### TASK BRIEF
Go through the data below and copy it exactly, skipping every picture.

### DATA SEGMENT
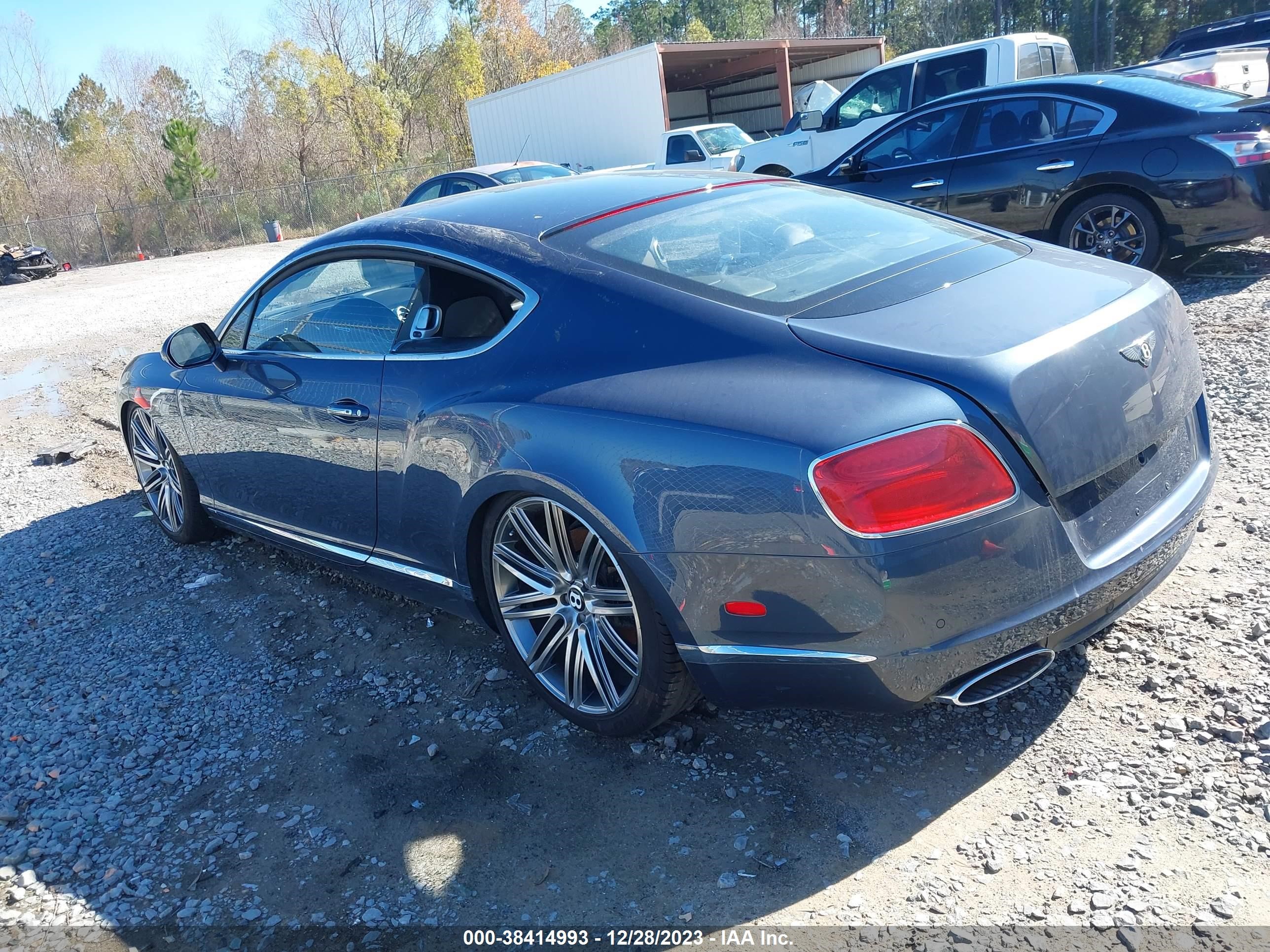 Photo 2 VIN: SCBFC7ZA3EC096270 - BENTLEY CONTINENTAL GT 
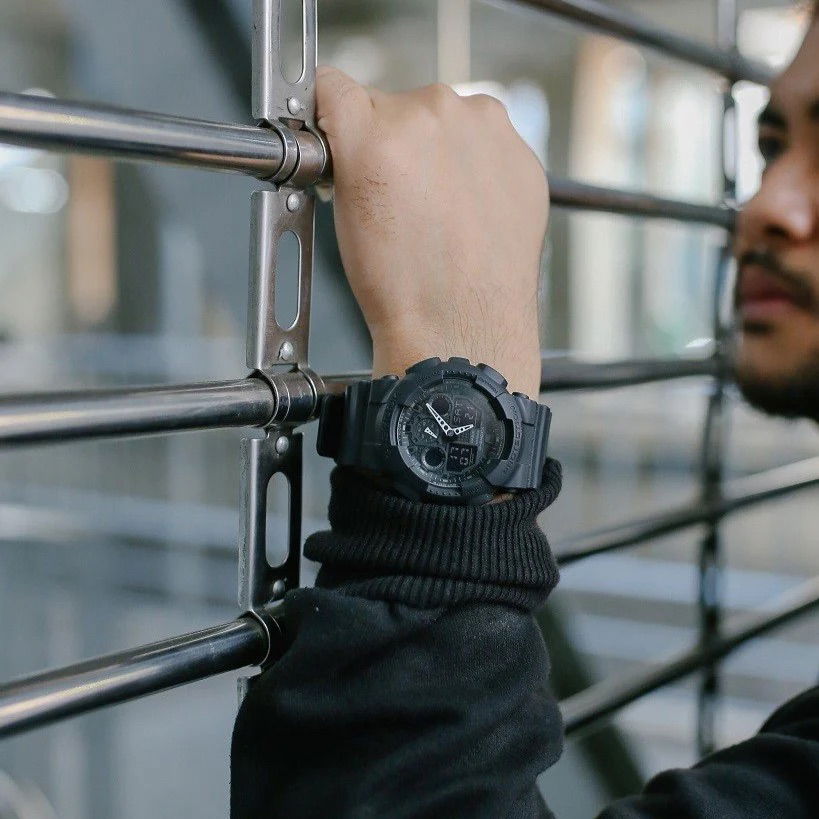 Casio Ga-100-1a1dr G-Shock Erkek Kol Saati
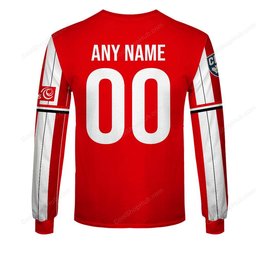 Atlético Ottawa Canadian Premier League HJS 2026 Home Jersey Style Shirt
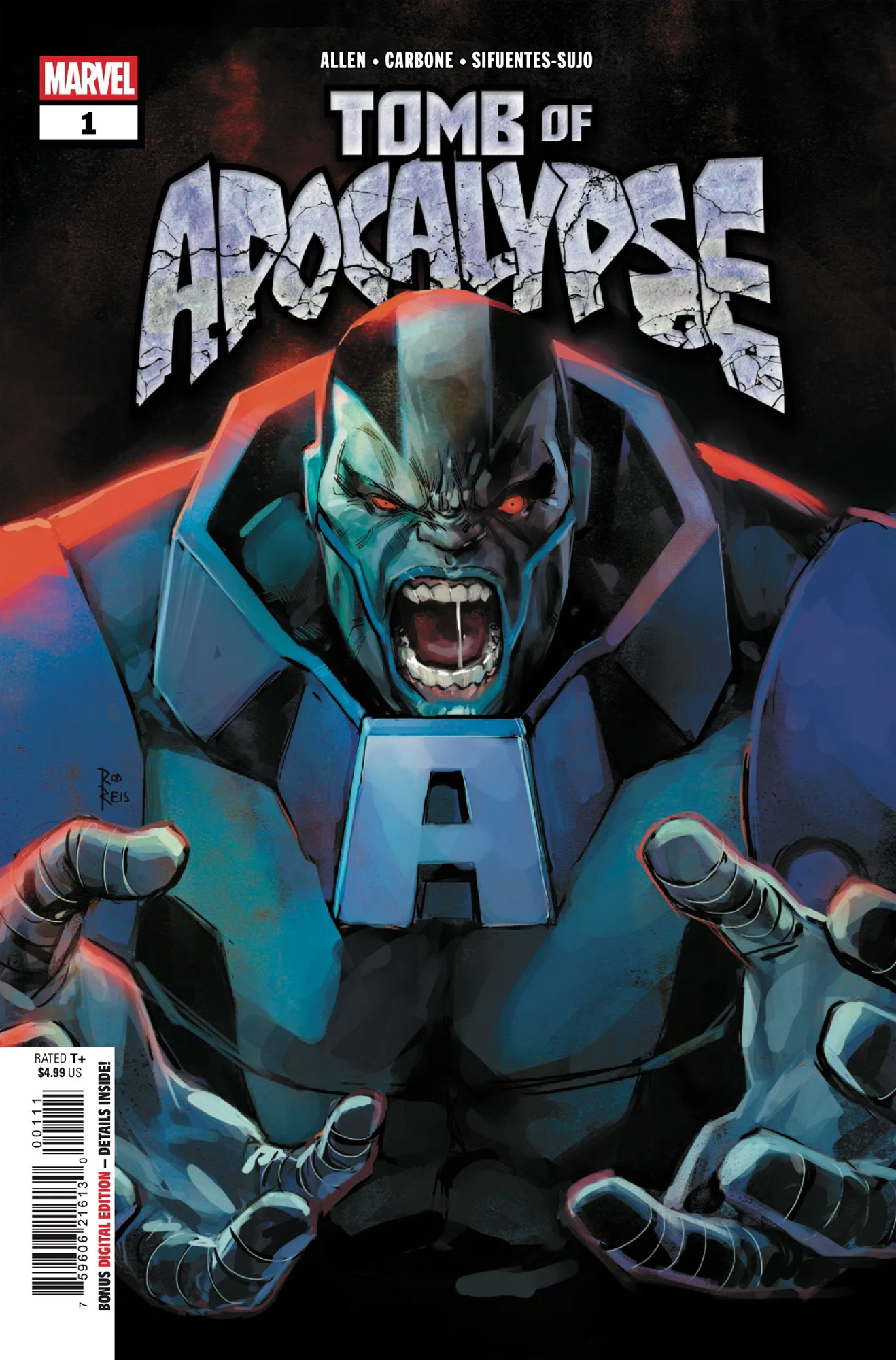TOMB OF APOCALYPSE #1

### EXERCISE SOLUTION
 Photo 2 VIN: SCBFC7ZA3EC096270 - BENTLEY CONTINENTAL GT 
 Casio Ga-100-1a1dr G-Shock Erkek Kol Saati
 Atlético Ottawa Canadian Premier League HJS 2026 Home Jersey Style Shirt
TOMB OF APOCALYPSE #1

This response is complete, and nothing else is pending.